## What is expected
In this exercise, print only the lines of the records below from the one with "Jubaea chilensis устойчива к морозам" through the one with "0 Babe Fairley Road, Wiggins, MS 39577", inclusive. Pictures are not part of the copy.

## Exercise data
━━━━━━━━━━━━━━━━━━━━
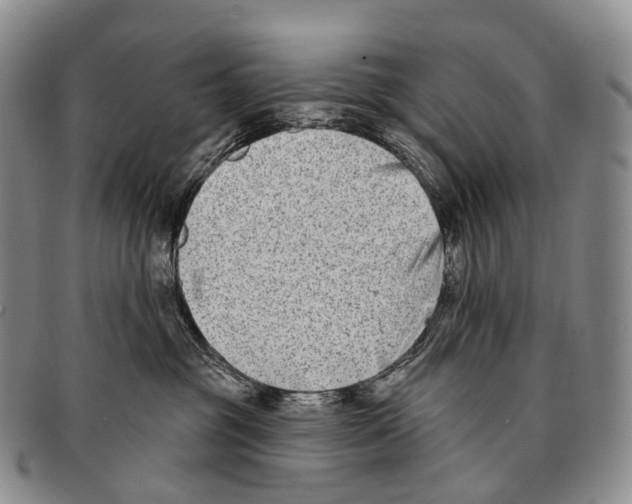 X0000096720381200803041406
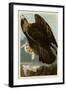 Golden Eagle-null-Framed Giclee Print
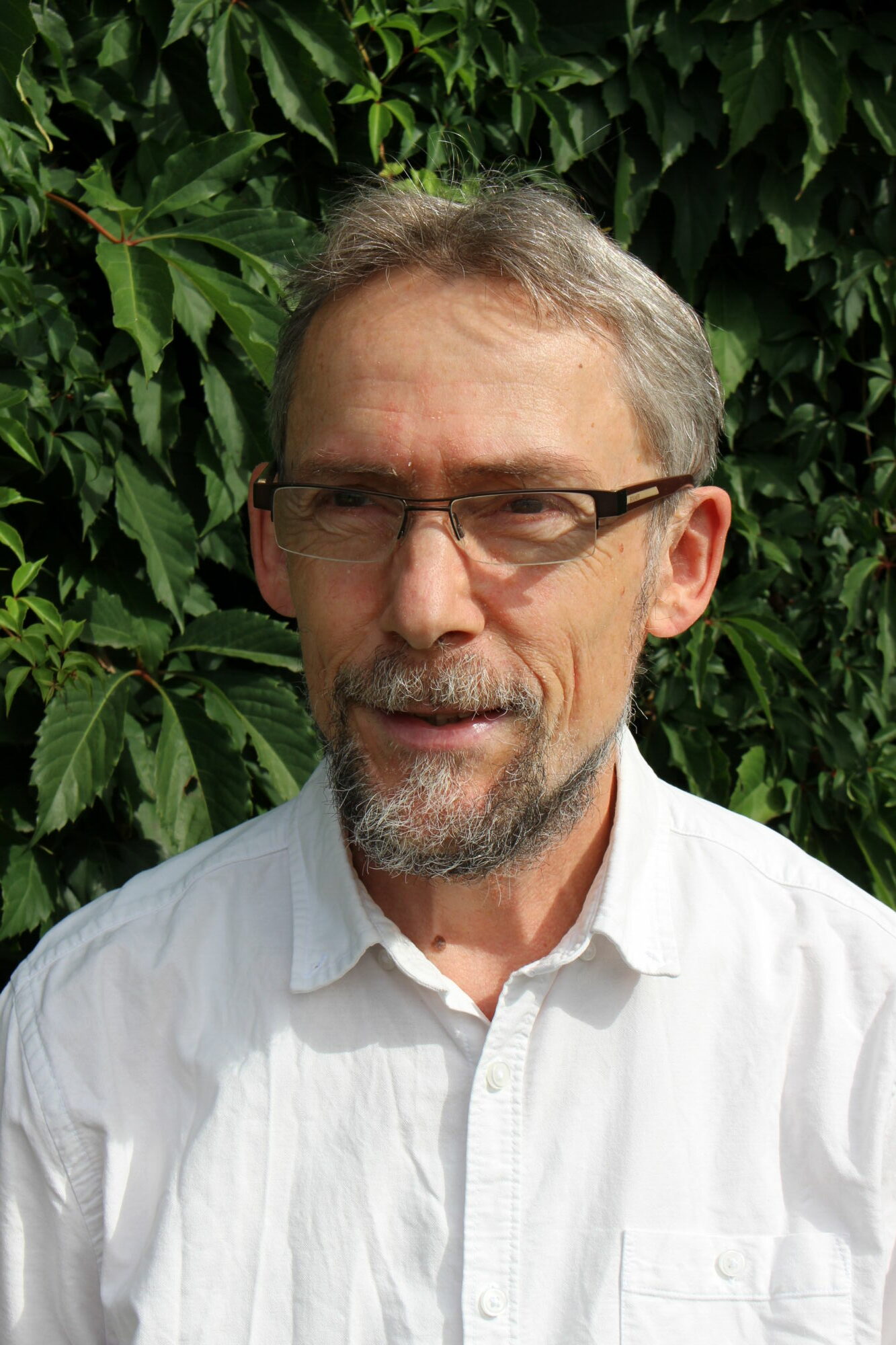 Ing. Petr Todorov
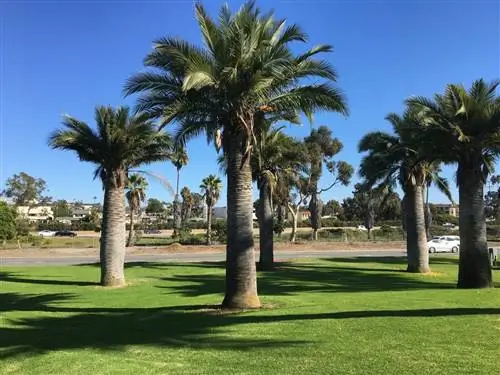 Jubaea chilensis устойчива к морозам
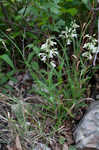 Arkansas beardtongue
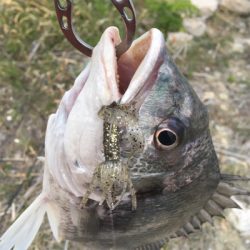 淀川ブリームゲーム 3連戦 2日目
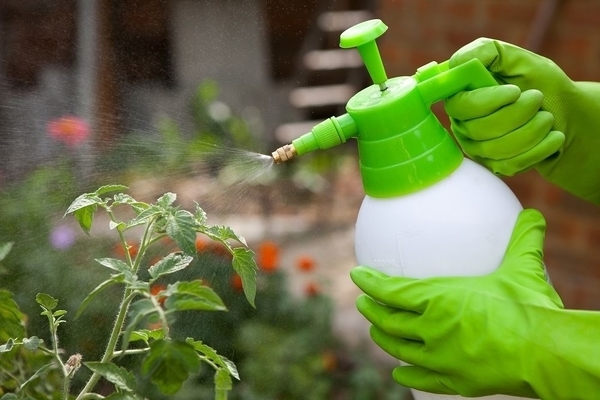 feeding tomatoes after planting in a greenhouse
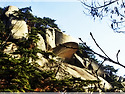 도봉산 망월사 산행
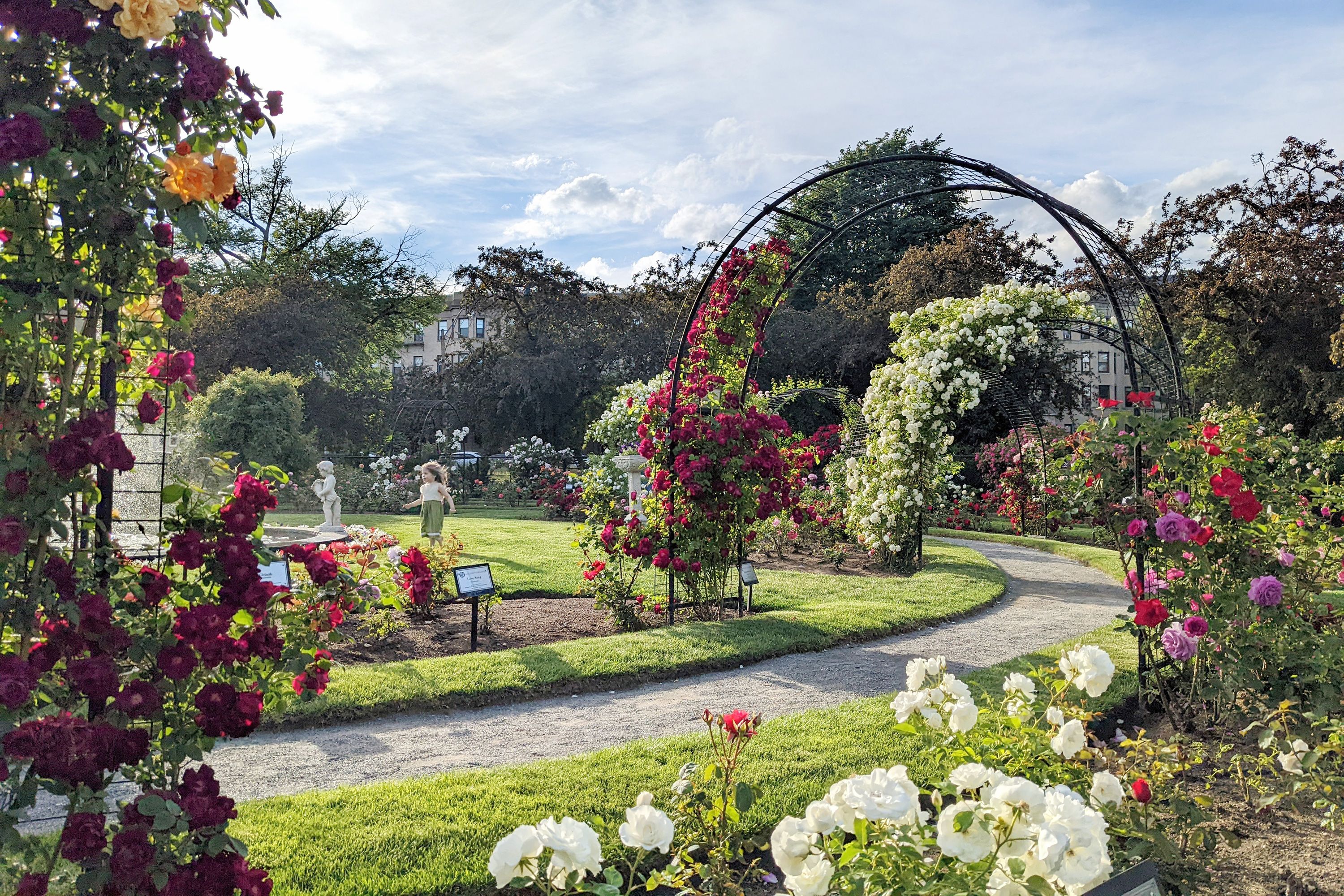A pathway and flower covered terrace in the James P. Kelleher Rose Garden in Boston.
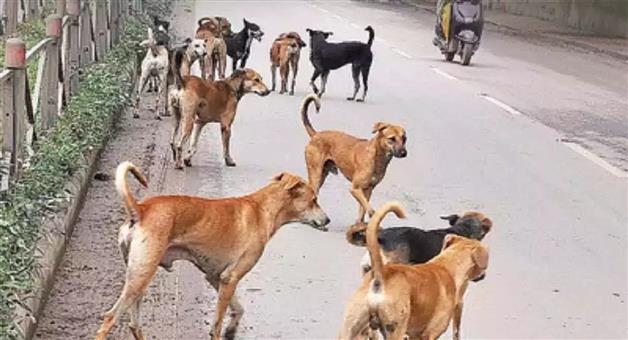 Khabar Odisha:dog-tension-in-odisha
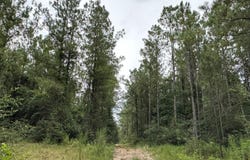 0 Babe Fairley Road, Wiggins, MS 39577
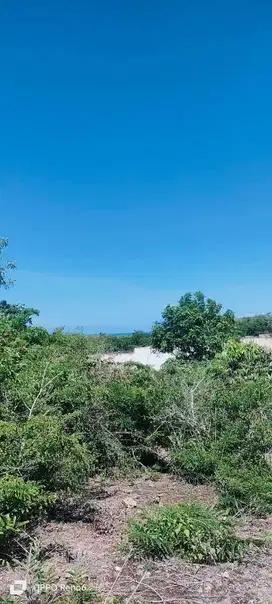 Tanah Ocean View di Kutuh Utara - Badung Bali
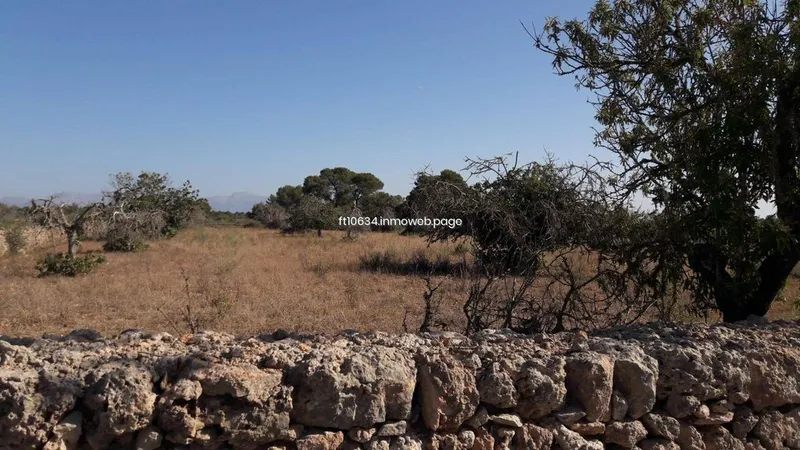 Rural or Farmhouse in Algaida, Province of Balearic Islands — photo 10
━━━━━━━━━━━━━━━━━━━━
## Result below
 Jubaea chilensis устойчива к морозам
 Arkansas beardtongue
 淀川ブリームゲーム 3連戦 2日目
 feeding tomatoes after planting in a greenhouse
 도봉산 망월사 산행
A pathway and flower covered terrace in the James P. Kelleher Rose Garden in Boston.
 Khabar Odisha:dog-tension-in-odisha
 0 Babe Fairley Road, Wiggins, MS 39577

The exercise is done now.